[The records]:
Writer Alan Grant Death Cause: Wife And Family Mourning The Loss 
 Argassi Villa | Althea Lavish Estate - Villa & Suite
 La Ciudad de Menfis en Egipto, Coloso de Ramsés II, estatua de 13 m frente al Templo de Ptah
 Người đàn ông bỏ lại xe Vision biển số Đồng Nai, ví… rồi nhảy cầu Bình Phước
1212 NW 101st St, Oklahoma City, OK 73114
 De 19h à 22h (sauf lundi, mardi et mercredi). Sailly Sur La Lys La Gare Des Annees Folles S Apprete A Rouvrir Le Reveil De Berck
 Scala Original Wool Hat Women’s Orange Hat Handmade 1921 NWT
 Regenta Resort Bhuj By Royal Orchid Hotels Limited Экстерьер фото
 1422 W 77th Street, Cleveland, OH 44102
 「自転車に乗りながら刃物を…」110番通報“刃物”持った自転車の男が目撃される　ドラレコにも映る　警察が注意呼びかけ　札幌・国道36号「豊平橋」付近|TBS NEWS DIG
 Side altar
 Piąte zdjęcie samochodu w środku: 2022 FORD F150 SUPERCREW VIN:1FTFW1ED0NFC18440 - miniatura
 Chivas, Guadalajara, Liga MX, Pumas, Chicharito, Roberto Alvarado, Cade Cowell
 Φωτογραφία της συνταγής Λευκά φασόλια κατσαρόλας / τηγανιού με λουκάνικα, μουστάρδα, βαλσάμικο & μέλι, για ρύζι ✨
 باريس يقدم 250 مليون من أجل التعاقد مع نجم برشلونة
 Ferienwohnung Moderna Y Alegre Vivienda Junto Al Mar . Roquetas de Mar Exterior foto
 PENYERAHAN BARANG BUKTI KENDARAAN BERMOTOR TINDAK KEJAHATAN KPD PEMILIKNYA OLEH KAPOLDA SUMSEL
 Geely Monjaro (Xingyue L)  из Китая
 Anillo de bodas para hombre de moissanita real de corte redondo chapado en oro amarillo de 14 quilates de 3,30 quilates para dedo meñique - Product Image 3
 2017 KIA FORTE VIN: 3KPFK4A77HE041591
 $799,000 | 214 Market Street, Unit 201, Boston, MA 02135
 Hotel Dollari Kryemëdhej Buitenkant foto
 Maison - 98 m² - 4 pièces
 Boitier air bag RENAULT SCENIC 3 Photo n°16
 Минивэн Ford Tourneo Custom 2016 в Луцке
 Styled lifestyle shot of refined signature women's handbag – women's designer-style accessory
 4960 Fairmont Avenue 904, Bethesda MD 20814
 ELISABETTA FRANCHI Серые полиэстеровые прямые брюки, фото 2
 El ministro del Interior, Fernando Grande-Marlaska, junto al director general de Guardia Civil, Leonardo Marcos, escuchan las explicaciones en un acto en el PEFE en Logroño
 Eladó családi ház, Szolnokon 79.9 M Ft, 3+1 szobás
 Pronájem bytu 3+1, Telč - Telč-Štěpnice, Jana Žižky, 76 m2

[Work instruction]: Starting at the line above that contains "1422 W 77th Street, Cleveland, OH 44102", repeat each line exactly up to and including the line that contains "Chivas, Guadalajara, Liga", and stop there.

[Answer box]:
 1422 W 77th Street, Cleveland, OH 44102
 「自転車に乗りながら刃物を…」110番通報“刃物”持った自転車の男が目撃される　ドラレコにも映る　警察が注意呼びかけ　札幌・国道36号「豊平橋」付近|TBS NEWS DIG
 Side altar
 Piąte zdjęcie samochodu w środku: 2022 FORD F150 SUPERCREW VIN:1FTFW1ED0NFC18440 - miniatura
 Chivas, Guadalajara, Liga MX, Pumas, Chicharito, Roberto Alvarado, Cade Cowell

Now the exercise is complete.